__DATASET RECORDS__:
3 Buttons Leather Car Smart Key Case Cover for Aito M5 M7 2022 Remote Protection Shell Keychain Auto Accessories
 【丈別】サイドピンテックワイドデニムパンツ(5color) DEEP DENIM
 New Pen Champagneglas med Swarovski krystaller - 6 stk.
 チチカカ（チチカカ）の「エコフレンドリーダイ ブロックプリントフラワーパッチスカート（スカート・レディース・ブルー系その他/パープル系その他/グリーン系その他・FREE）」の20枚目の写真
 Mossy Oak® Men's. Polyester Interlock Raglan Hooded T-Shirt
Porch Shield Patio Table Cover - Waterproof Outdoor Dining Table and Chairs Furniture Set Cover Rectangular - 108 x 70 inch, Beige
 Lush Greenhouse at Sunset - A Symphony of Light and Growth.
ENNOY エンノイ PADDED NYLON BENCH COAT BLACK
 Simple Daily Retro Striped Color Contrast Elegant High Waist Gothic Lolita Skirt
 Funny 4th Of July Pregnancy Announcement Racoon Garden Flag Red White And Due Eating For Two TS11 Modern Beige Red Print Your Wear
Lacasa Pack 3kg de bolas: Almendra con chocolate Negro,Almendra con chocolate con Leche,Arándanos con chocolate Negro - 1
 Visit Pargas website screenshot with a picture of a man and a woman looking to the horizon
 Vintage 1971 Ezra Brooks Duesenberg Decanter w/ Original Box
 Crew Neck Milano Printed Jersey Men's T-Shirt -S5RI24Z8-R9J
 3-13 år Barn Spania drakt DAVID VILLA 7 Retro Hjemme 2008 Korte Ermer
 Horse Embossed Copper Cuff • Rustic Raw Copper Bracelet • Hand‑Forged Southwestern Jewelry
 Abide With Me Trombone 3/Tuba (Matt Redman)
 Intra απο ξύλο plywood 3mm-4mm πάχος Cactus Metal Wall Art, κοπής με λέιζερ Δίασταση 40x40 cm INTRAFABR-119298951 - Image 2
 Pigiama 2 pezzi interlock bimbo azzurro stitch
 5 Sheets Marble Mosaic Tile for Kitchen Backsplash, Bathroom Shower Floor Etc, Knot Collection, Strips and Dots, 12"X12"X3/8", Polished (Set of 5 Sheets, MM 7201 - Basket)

__TRY IT__:
Within the listing above, the range opens at the line with "New Pen Champagneglas" and closes at the line with "Vintage 1971 Ezra". Reproduce exactly the lines of that range, including both ends.

__EXERCISE RESULT__:
 New Pen Champagneglas med Swarovski krystaller - 6 stk.
 チチカカ（チチカカ）の「エコフレンドリーダイ ブロックプリントフラワーパッチスカート（スカート・レディース・ブルー系その他/パープル系その他/グリーン系その他・FREE）」の20枚目の写真
 Mossy Oak® Men's. Polyester Interlock Raglan Hooded T-Shirt
Porch Shield Patio Table Cover - Waterproof Outdoor Dining Table and Chairs Furniture Set Cover Rectangular - 108 x 70 inch, Beige
 Lush Greenhouse at Sunset - A Symphony of Light and Growth.
ENNOY エンノイ PADDED NYLON BENCH COAT BLACK
 Simple Daily Retro Striped Color Contrast Elegant High Waist Gothic Lolita Skirt
 Funny 4th Of July Pregnancy Announcement Racoon Garden Flag Red White And Due Eating For Two TS11 Modern Beige Red Print Your Wear
Lacasa Pack 3kg de bolas: Almendra con chocolate Negro,Almendra con chocolate con Leche,Arándanos con chocolate Negro - 1
 Visit Pargas website screenshot with a picture of a man and a woman looking to the horizon
 Vintage 1971 Ezra Brooks Duesenberg Decanter w/ Original Box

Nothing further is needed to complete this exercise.